START Material for this exercise

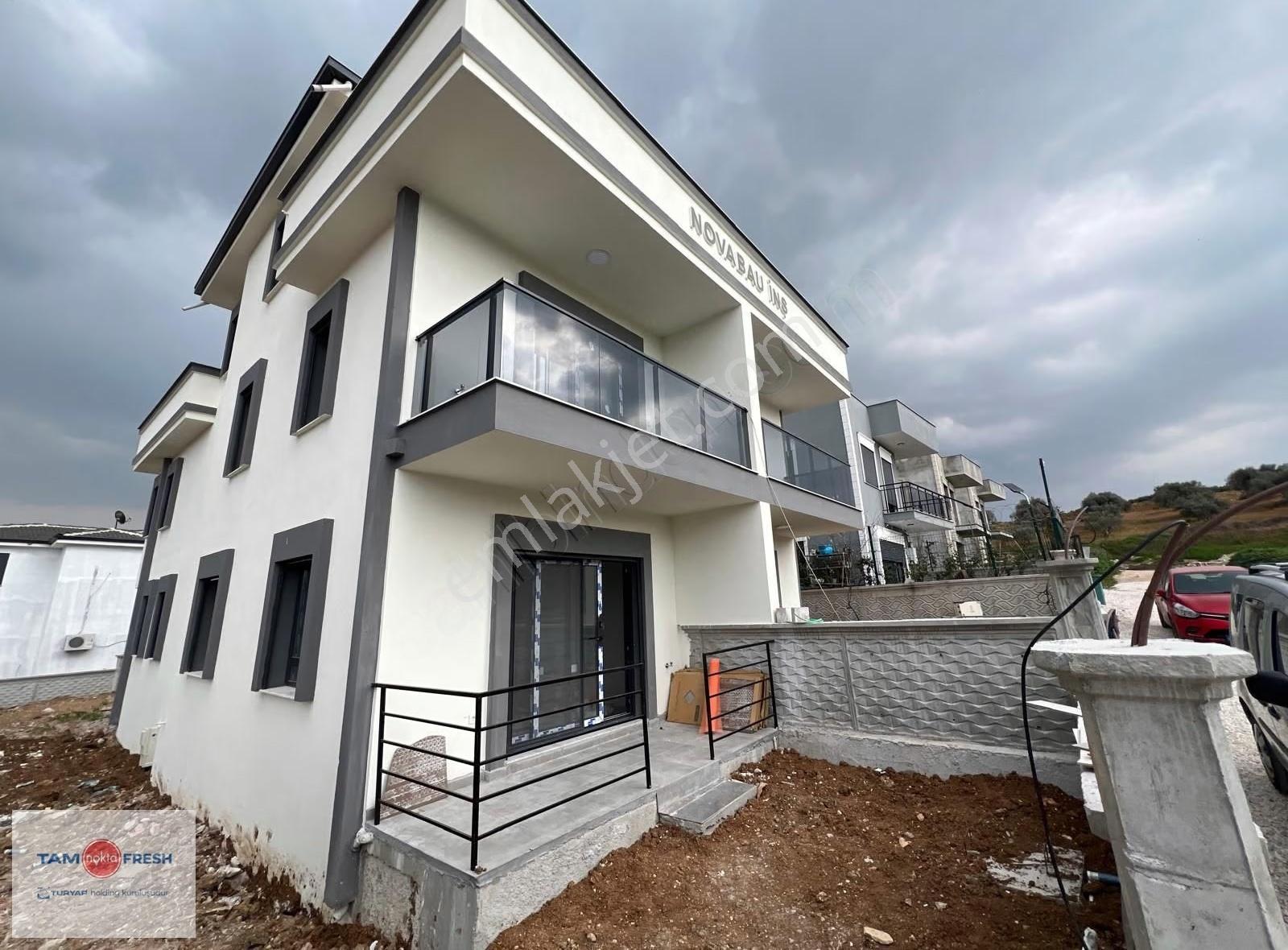 Menderes Oğlananası Sıfır 4+1 Havuzlu Tripleks Villa - Görsel 18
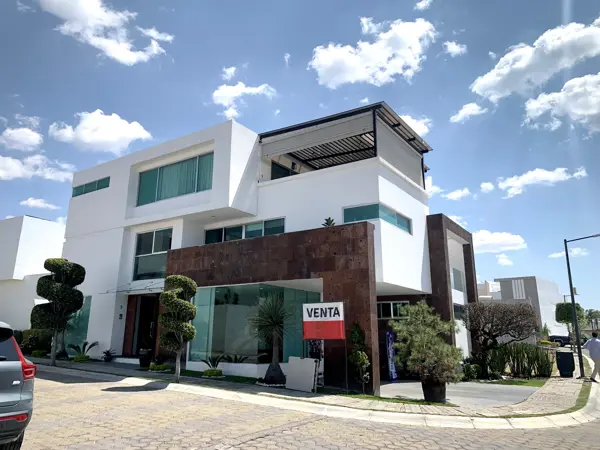 Casa en venta en Lomas de Angelópolis, San Andrés Cholula — foto 2 de 44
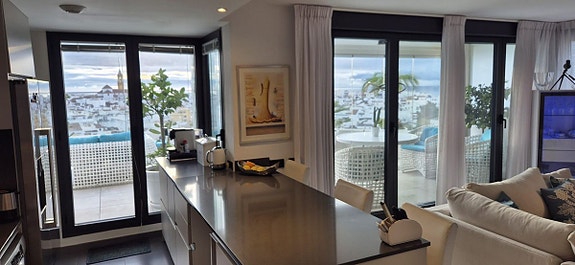 Eksklusiv penthouse med panoramautsikt i hjertet av Estepona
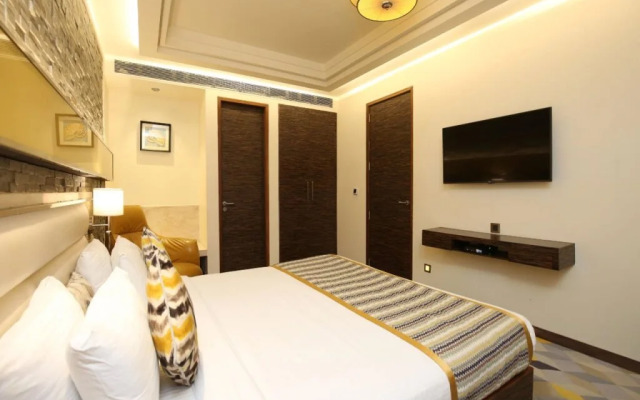 Arista Hotel by OYO Rooms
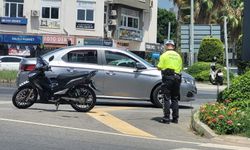 Otomobille motosiklet çarpıştı: 1 yaralı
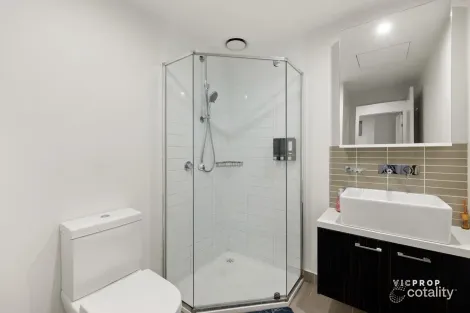 Property photo of 1703/8 Sutherland Street Melbourne VIC 3000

END Material for this exercise

Problem to solve: Reproduce every line above exactly, pictures excluded.

Task result:
 Menderes Oğlananası Sıfır 4+1 Havuzlu Tripleks Villa - Görsel 18
 Casa en venta en Lomas de Angelópolis, San Andrés Cholula — foto 2 de 44
 Eksklusiv penthouse med panoramautsikt i hjertet av Estepona
 Arista Hotel by OYO Rooms
 Otomobille motosiklet çarpıştı: 1 yaralı
 Property photo of 1703/8 Sutherland Street Melbourne VIC 3000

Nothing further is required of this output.